Items from a dataset
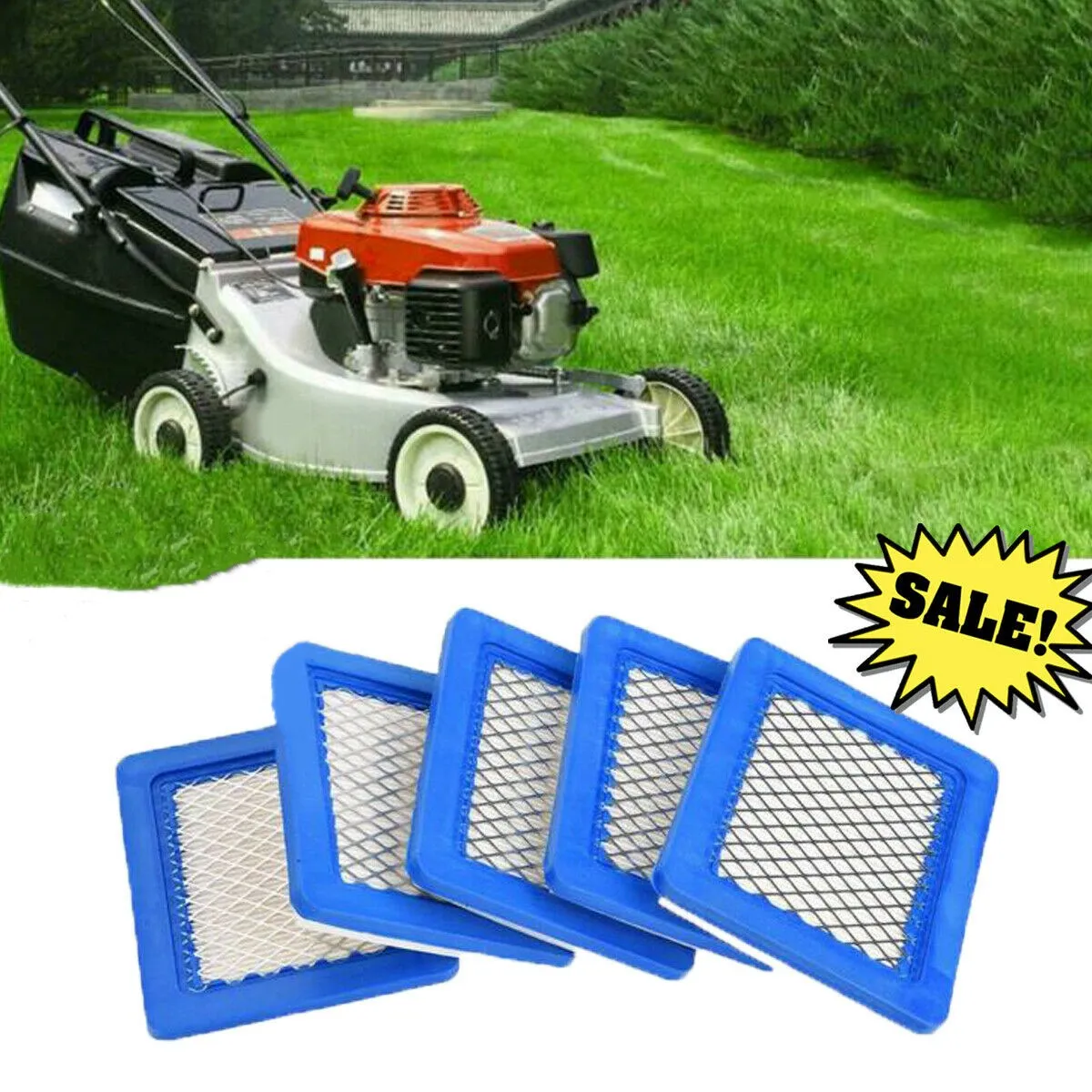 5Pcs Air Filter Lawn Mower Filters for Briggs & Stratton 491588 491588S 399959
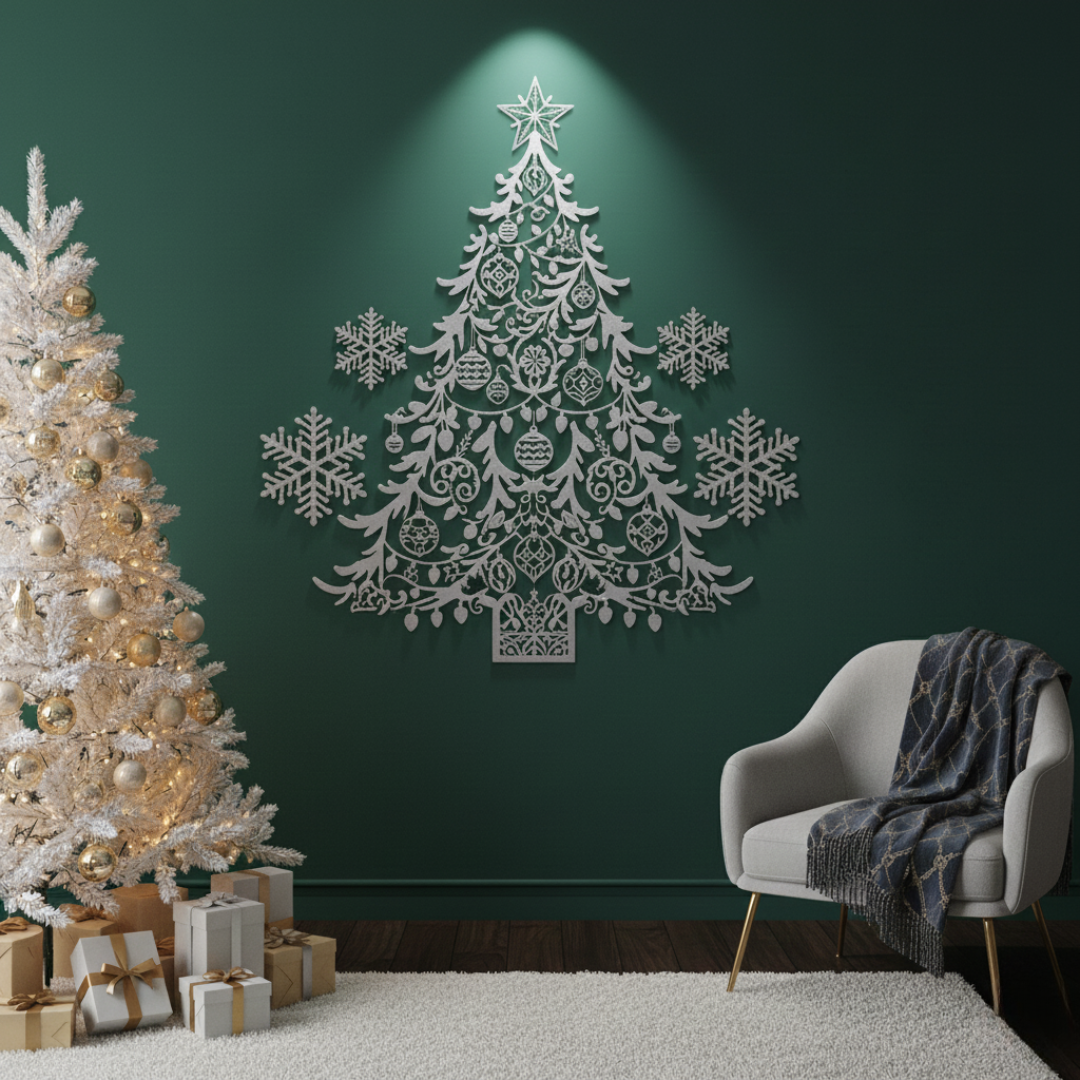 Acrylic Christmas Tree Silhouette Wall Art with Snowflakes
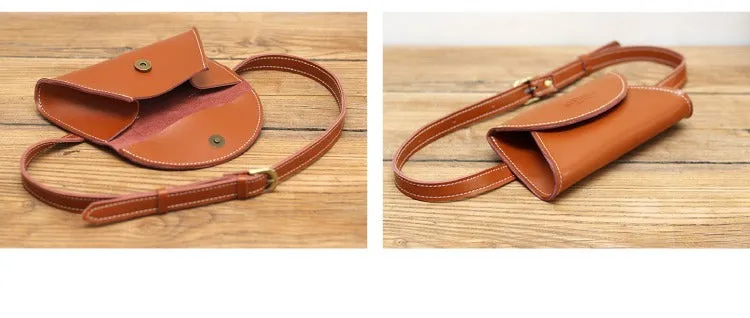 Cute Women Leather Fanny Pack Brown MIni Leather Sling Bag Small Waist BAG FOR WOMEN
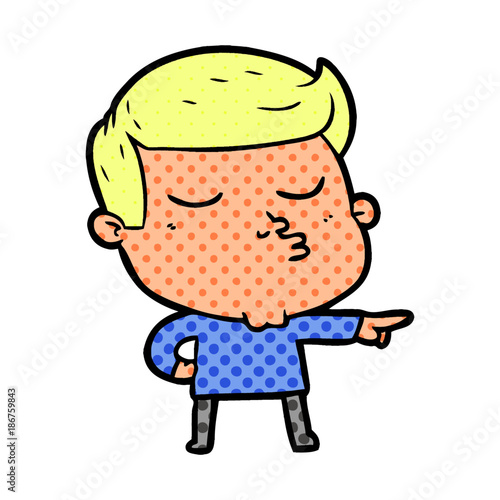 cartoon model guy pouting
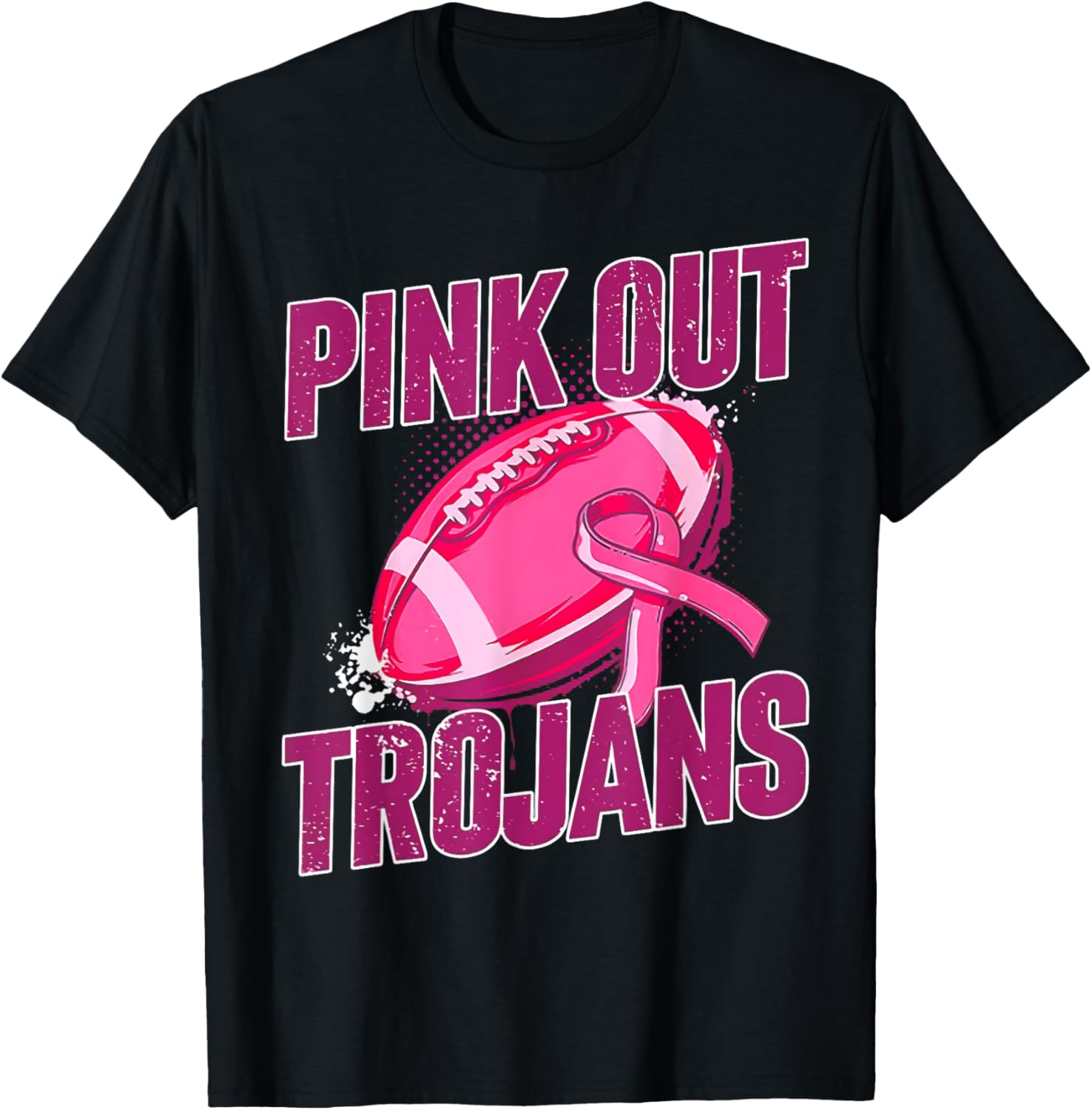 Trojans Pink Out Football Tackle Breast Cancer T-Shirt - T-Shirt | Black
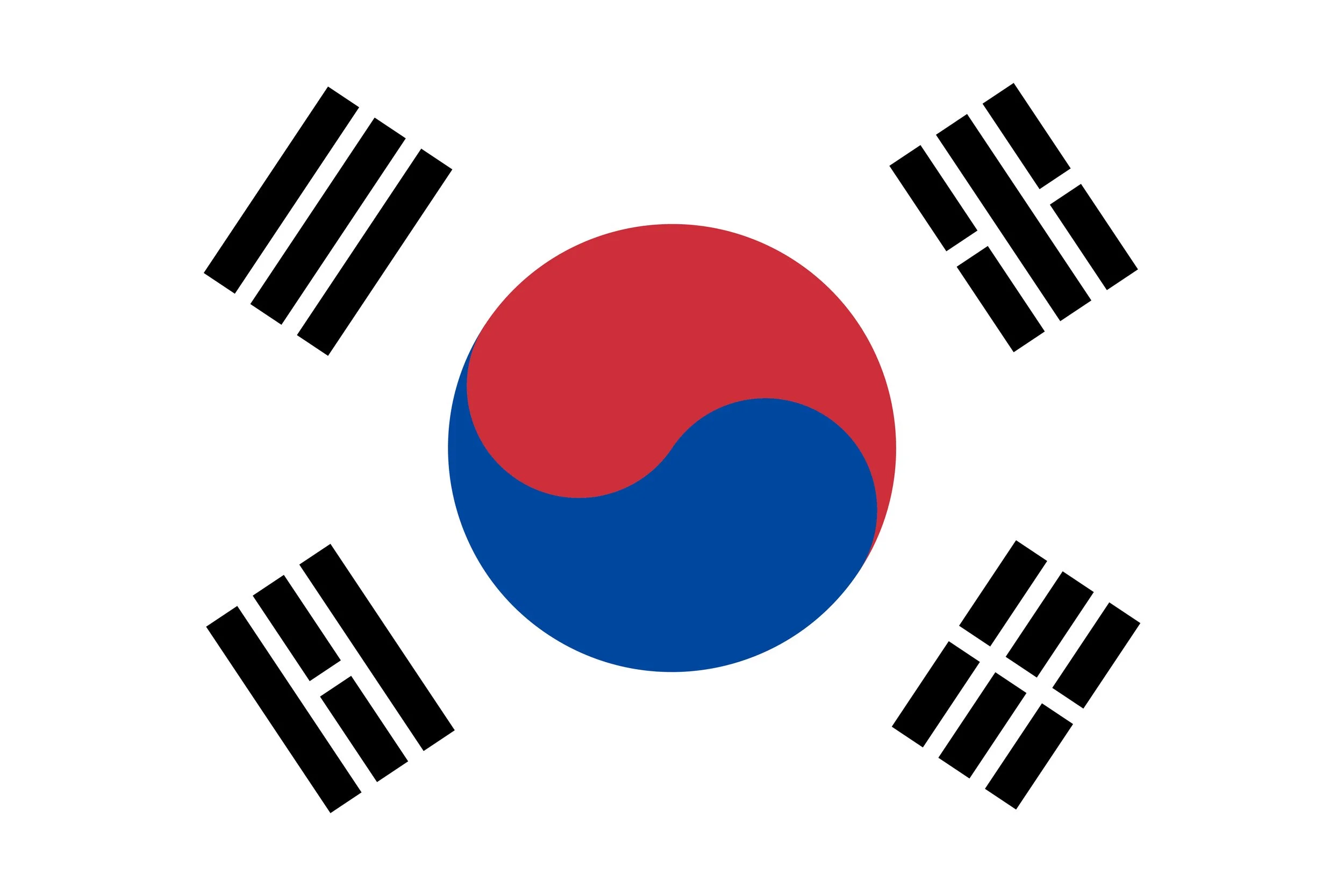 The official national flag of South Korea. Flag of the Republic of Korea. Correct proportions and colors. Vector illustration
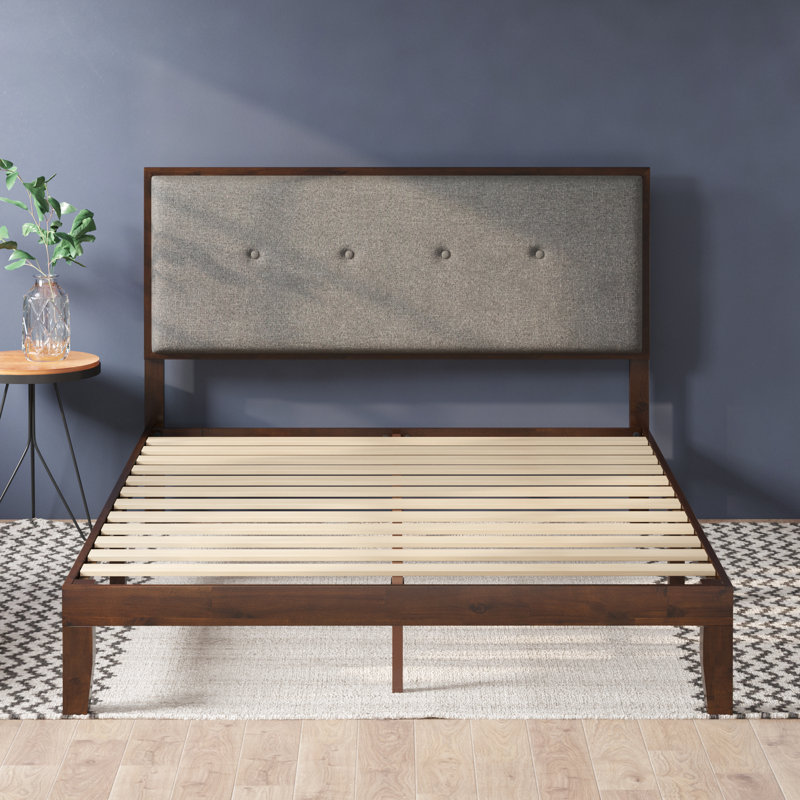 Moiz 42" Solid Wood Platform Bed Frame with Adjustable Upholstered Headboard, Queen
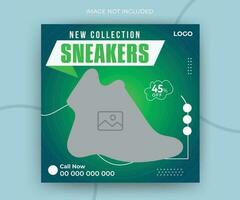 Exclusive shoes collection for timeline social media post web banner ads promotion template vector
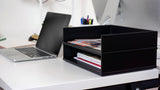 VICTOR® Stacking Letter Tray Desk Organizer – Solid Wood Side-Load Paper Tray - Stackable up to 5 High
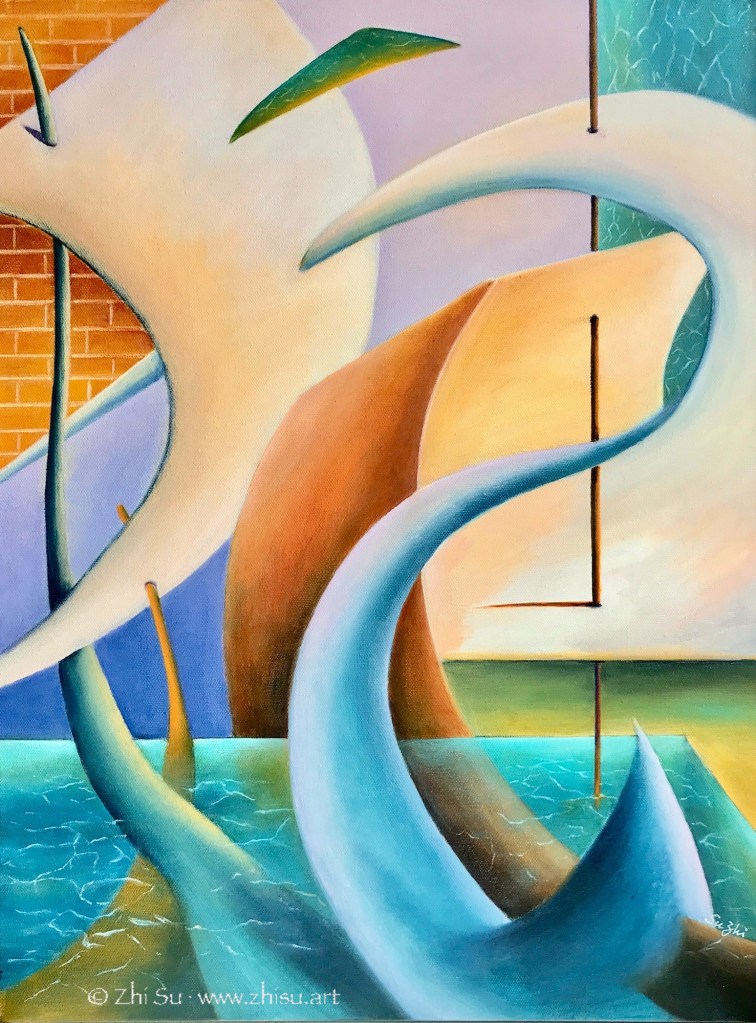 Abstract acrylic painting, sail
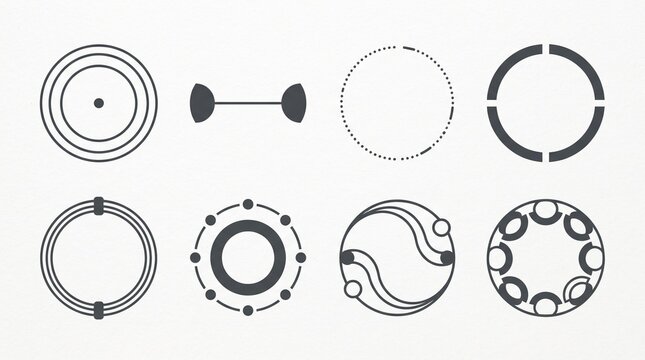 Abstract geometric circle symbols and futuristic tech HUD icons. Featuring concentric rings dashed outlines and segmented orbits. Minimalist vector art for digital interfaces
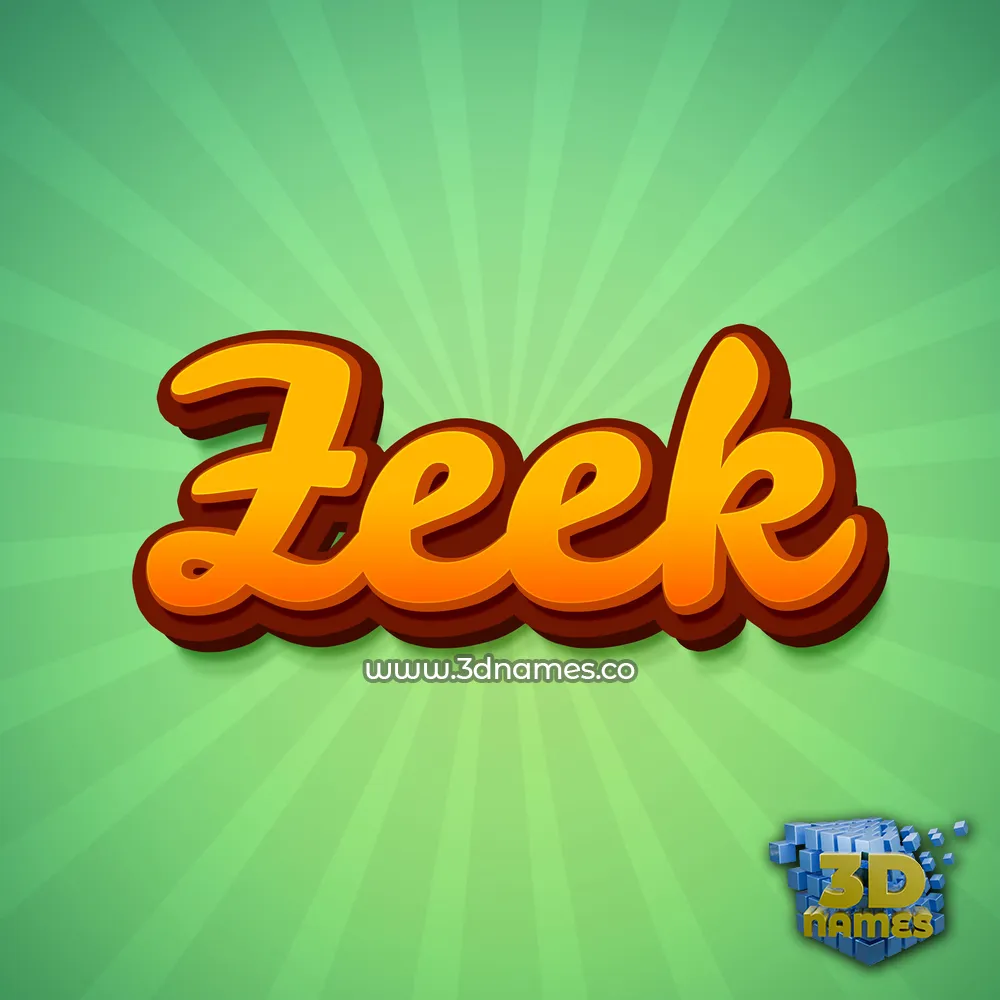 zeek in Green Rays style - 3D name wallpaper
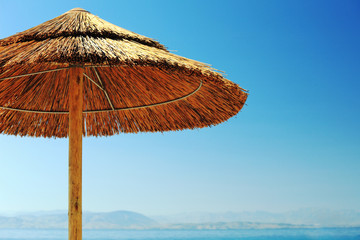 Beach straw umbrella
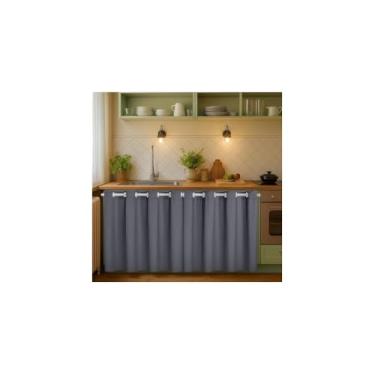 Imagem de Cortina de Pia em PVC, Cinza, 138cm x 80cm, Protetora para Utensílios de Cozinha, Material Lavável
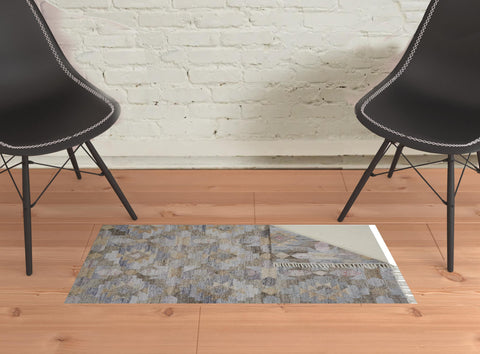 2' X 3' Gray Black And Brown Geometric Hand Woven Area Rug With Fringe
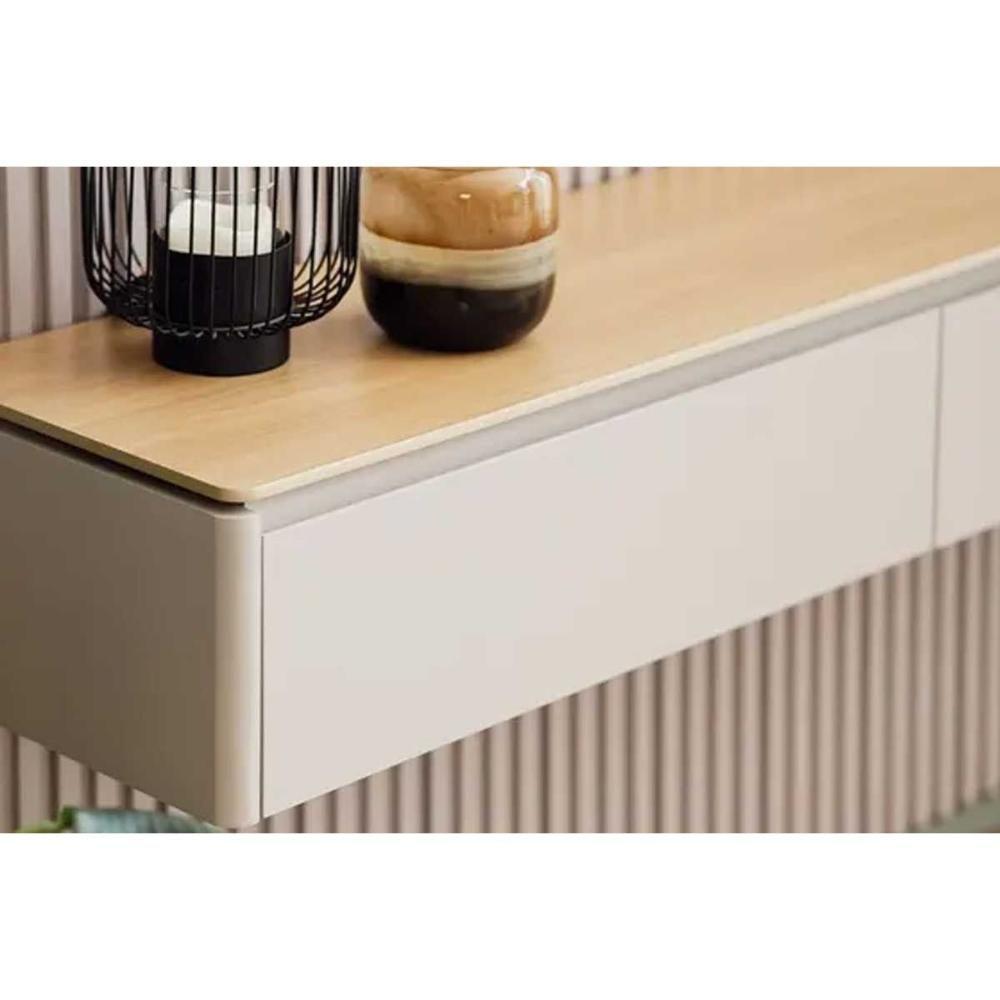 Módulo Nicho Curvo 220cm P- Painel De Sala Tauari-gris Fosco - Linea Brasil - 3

## TASK PROMPT
Exactly as they appear, please return only the lines from the first line of the records through the line containing "Trojans Pink Out", both included, leaving out all pictures.

## REPLY TO THE EXERCISE
 5Pcs Air Filter Lawn Mower Filters for Briggs & Stratton 491588 491588S 399959
 Acrylic Christmas Tree Silhouette Wall Art with Snowflakes
 Cute Women Leather Fanny Pack Brown MIni Leather Sling Bag Small Waist BAG FOR WOMEN
 cartoon model guy pouting
 Trojans Pink Out Football Tackle Breast Cancer T-Shirt - T-Shirt | Black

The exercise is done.